À la suite de la Seconde Guerre mondiale, le Congrès a reconnu le besoin de mieux comprendre les cultures des pays du monde entier: pour la sécurité nationale, le commerce et la diplomatie. En 1958, le Congrès a adopté le Loi sur l’éducation de la défense nationalequi a créé des centres nationaux de ressources (CNRC) dans les universités pour former des experts dans des régions essentielles aux intérêts américains.
Cornell Programme d’Asie du Sud-Est (SEAP) a obtenu le statut de CNRC cette année-là, avec le Programme d’Asie du Sud (SAP) Suite en 1985. Ensemble, les programmes éduquent les étudiants dans des langues telles que l’Indonésien, le Birman et le Népalais, qui sont rarement enseignées aux États-Unis. Les diplômés des programmes Cornell ont poursuivi leurs carrières distinguées en service extérieur, militaire, gouvernement, affaires internationales, développement et université.

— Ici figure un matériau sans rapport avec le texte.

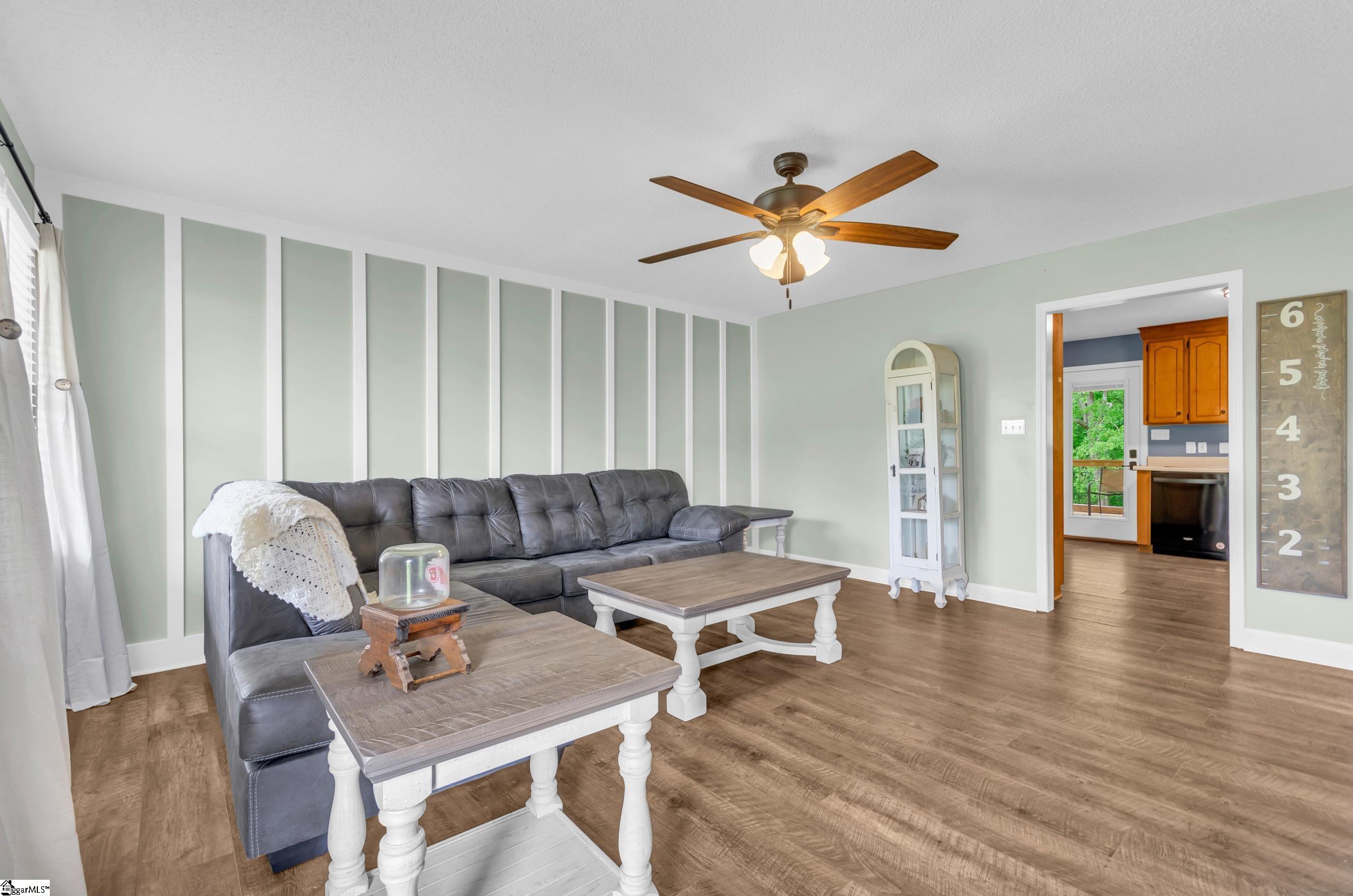 131 Seay Place, Boiling Springs, South Carolina image 5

La semaine dernière, le ministère américain de l’Éducation a officiellement mis fin au programme National Resource Center, une perte d’environ 1 million de dollars de financement par an.
«La fin de ces programmes et le coup de formation des études régionales sont une perte qui va bien au-delà du montant en dollars», a déclaré Wendy Wolford, vice-prévôt des affaires internationales. «Le financement du CNRC a soutenu les générations d’étudiants qui ont contribué à apporter des connaissances, des connaissances et une compréhension culturelle aux interactions avec certains des pays les plus peuplés et stratégiques du monde.»

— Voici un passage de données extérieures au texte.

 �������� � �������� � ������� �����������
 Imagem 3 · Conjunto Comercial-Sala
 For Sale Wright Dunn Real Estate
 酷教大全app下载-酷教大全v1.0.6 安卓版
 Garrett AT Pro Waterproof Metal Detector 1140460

Maintenant, professeurs, administrateurs et étudiants de SAP et SEAP, faisant partie du Mario Einaudi Center for International Studiesdoit déterminer comment continuer sans soutien fédéral.
Les études linguistiques sont au cœur des programmes Cornell, qui apportent des terres et des coutumes lointaines aux étudiants d’Ithaca.

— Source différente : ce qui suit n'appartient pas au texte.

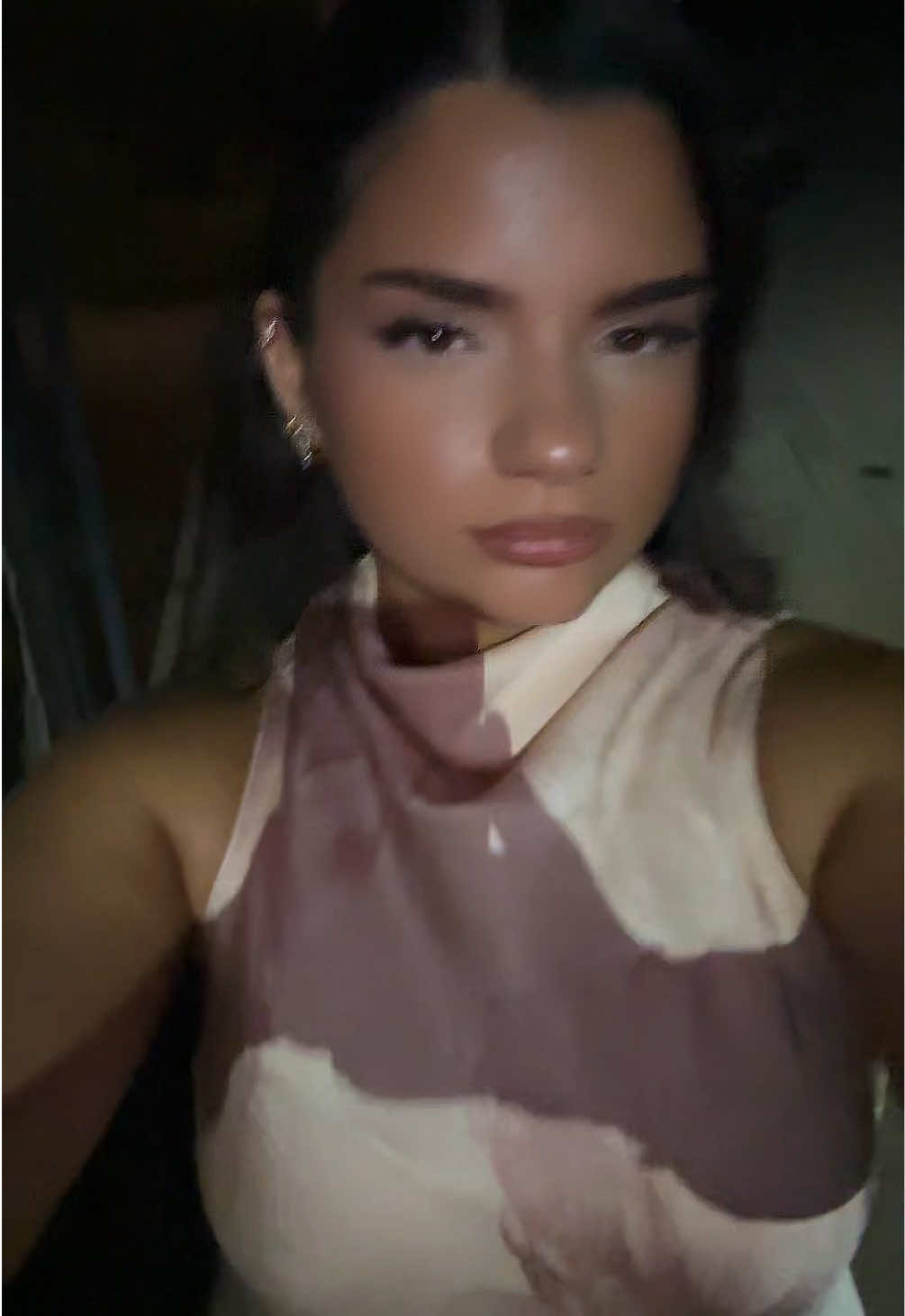 @R I N E S A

Cornell a créé les seuls manuels existants pour certaines langues, comme le cinghalais, qui est parlé au Sri Lanka, a dit Thamora pêchel, Directeur associé SEAP. «Le Népalais n’est pas enseigné à tous les niveaux ailleurs», a-t-elle déclaré. «Nous sommes l’un des deux endroits où le birman est enseigné à tous les niveaux.»
Il est important de continuer à enseigner ces langues, a déclaré un membre du corps professoral du SEAP et un ancien directeur Abby Cohn, Professeur et président de la linguistique (A&S). Par exemple, Indonésie est le quatrième pays le plus grand du monde par la population, mais moins de 20 universités, dont Cornell, enseignent l’Indonésien.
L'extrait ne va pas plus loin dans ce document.